• Required action
Only the lines from the one containing "Raspi Plex/Nas Server" through the end of the records should be retyped, exactly and including both ends; pictures stay out.

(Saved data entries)
:::

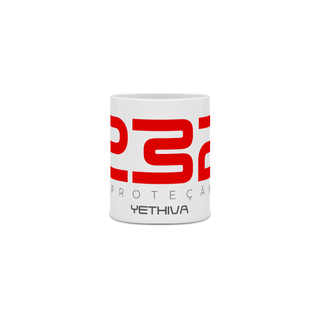 Nome do produtoCaneca 360º Yethiva - 232 Proteção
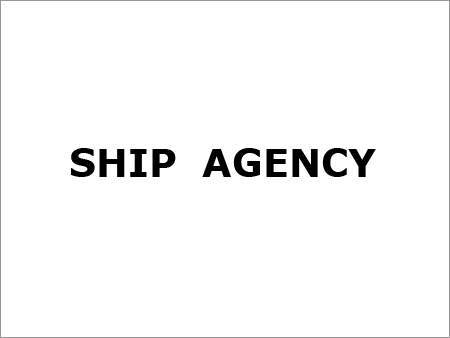 Ship Agency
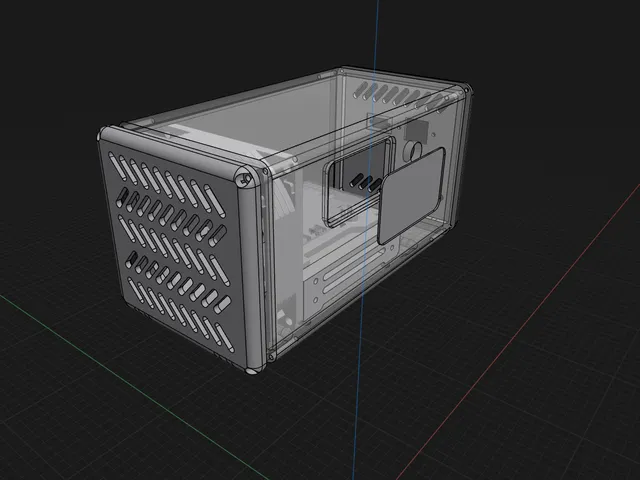 Raspi Plex/Nas Server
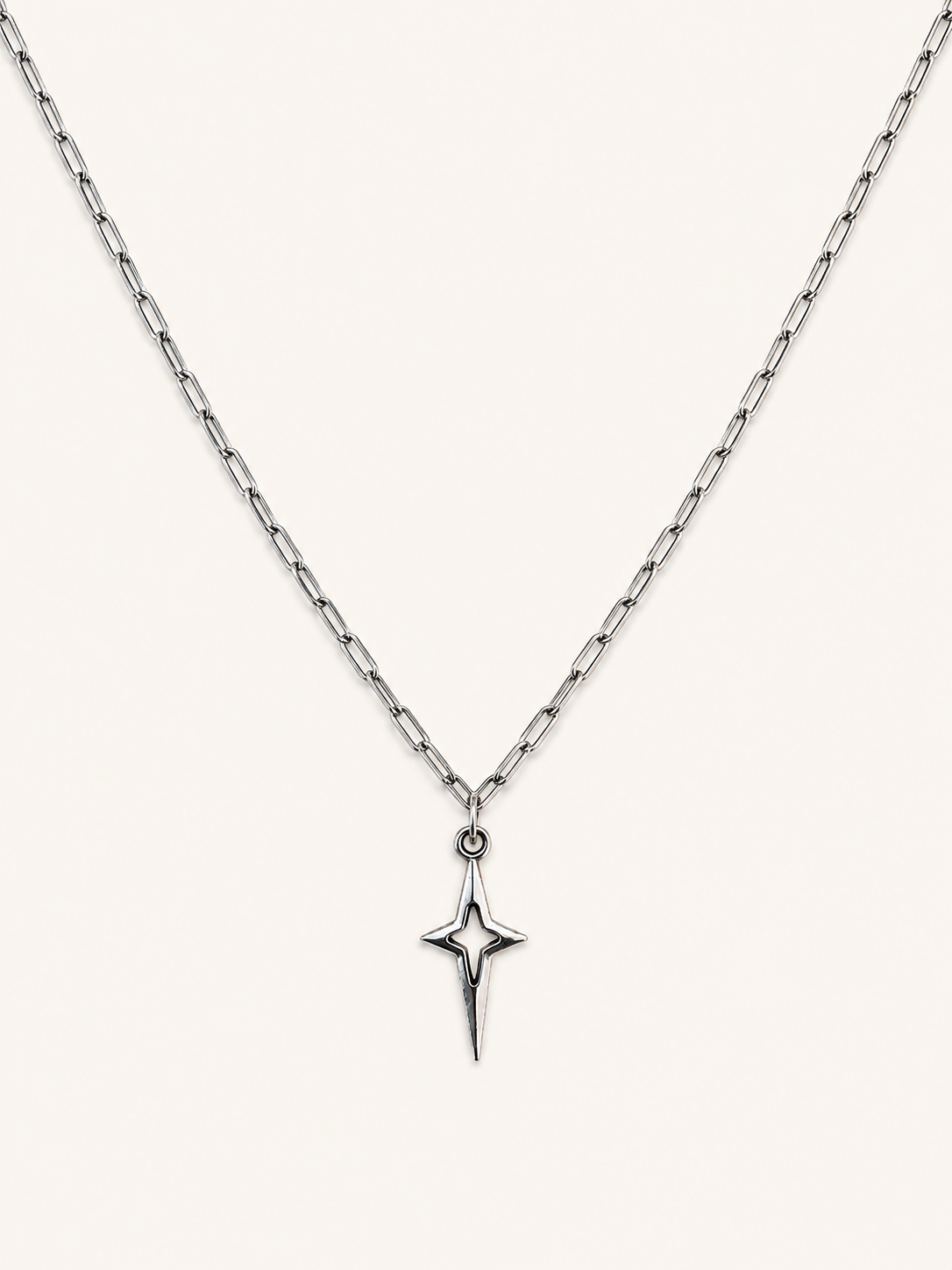 The North Star necklace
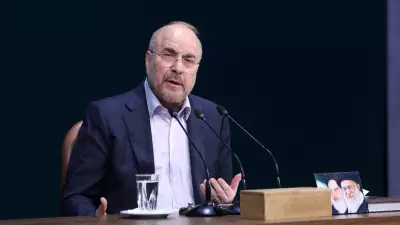 Iran Not Ready for Next Stage of US Peace Talks: Parliament Speaker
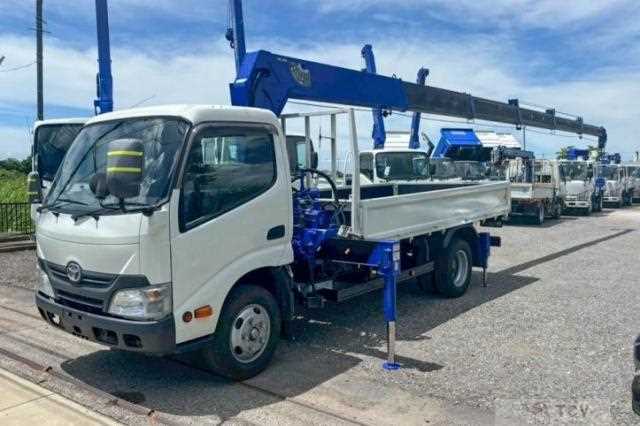 2015 Toyota Dyna Truck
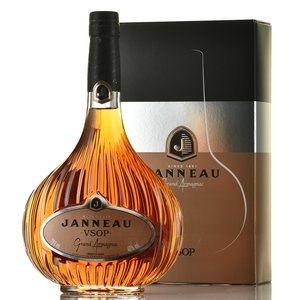 Janneau VSOP 10 years - арманьяк Жанно ВСОП 10 лет 0.7 л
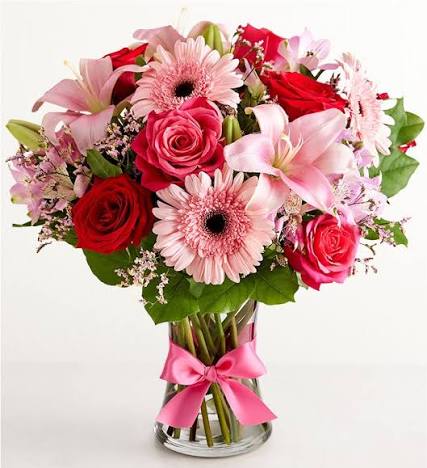 Vibrant Affection Arrangement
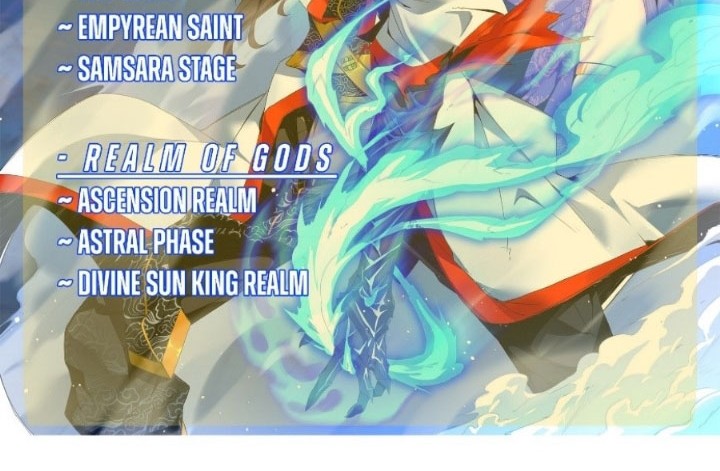 Eternal First God Chapter 131 - halaman 29
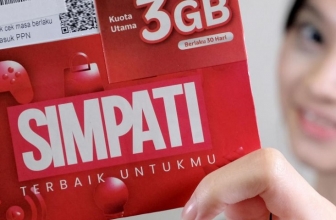 Akumulasi Kuota Simpati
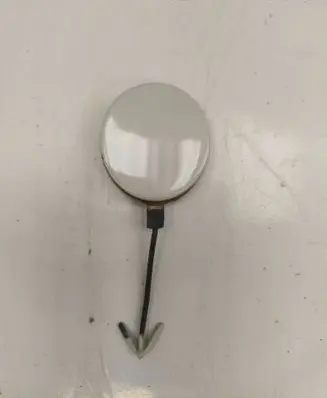 Seat Ibiza IV (6J,6P) Front tow hook cap/cover 6J0807241C
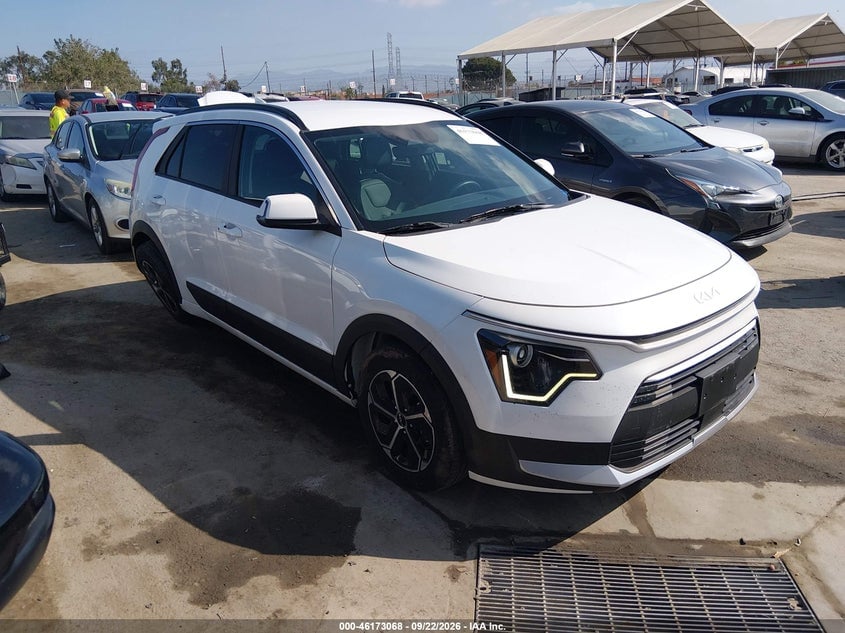 2025 KIA NIRO EX | KNDCR3LE4S5272469 | UPCARS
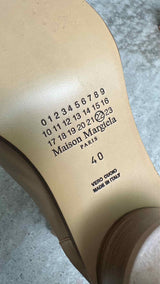 Margiela Tabi Boots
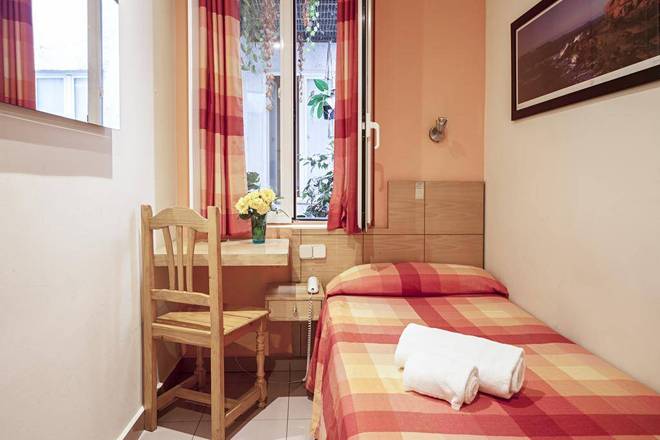 INTER Puerta del Sol Pension, Madrid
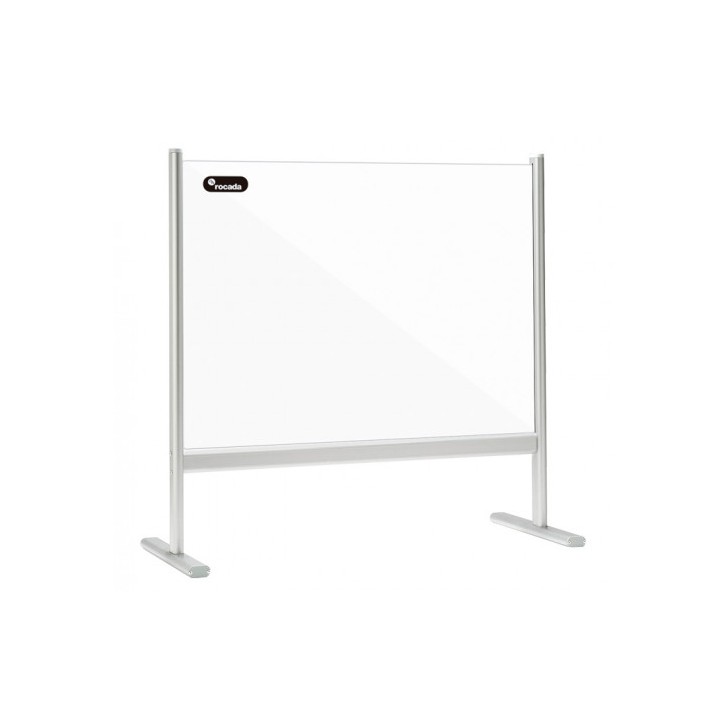 PANEL ACRÍLICO DE SOBREMESA DE 80X65CM ROCADA COV-D86P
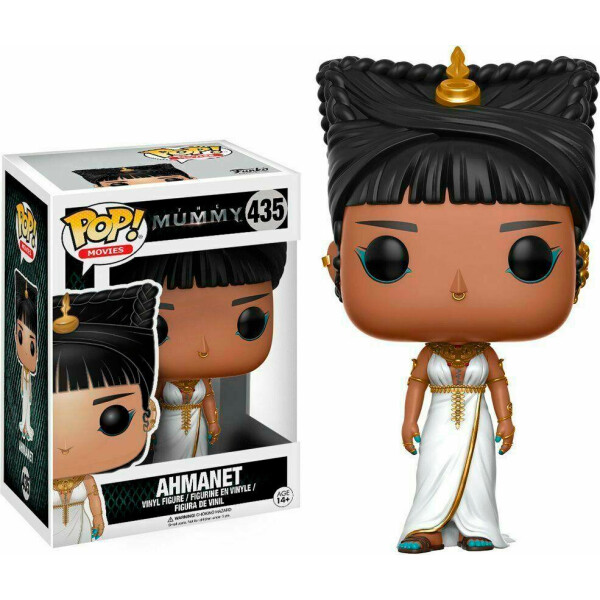 

Фигурка Funko Pop Фанко Поп Мумия Аманет Mummy 2017 Ahmanet 10 см Movies M A 435
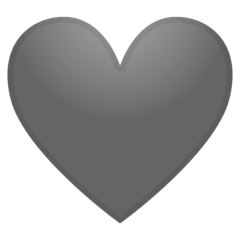 Black Heart Emoji  Meaning Copy  Paste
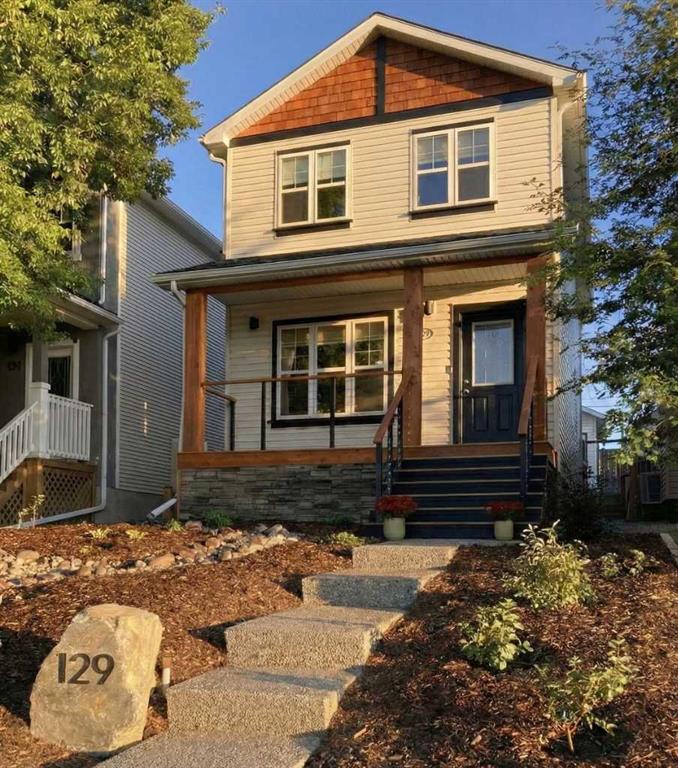 Picture of 129 25 Avenue NE, Calgary Real Estate Listing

:::

• Result of the task
 Raspi Plex/Nas Server
 The North Star necklace
 Iran Not Ready for Next Stage of US Peace Talks: Parliament Speaker
 2015 Toyota Dyna Truck
 Janneau VSOP 10 years - арманьяк Жанно ВСОП 10 лет 0.7 л
 Vibrant Affection Arrangement
 Eternal First God Chapter 131 - halaman 29
 Akumulasi Kuota Simpati
 Seat Ibiza IV (6J,6P) Front tow hook cap/cover 6J0807241C
 2025 KIA NIRO EX | KNDCR3LE4S5272469 | UPCARS
 Margiela Tabi Boots
 INTER Puerta del Sol Pension, Madrid
 PANEL ACRÍLICO DE SOBREMESA DE 80X65CM ROCADA COV-D86P

Фигурка Funko Pop Фанко Поп Мумия Аманет Mummy 2017 Ahmanet 10 см Movies M A 435
 Black Heart Emoji  Meaning Copy  Paste
 Picture of 129 25 Avenue NE, Calgary Real Estate Listing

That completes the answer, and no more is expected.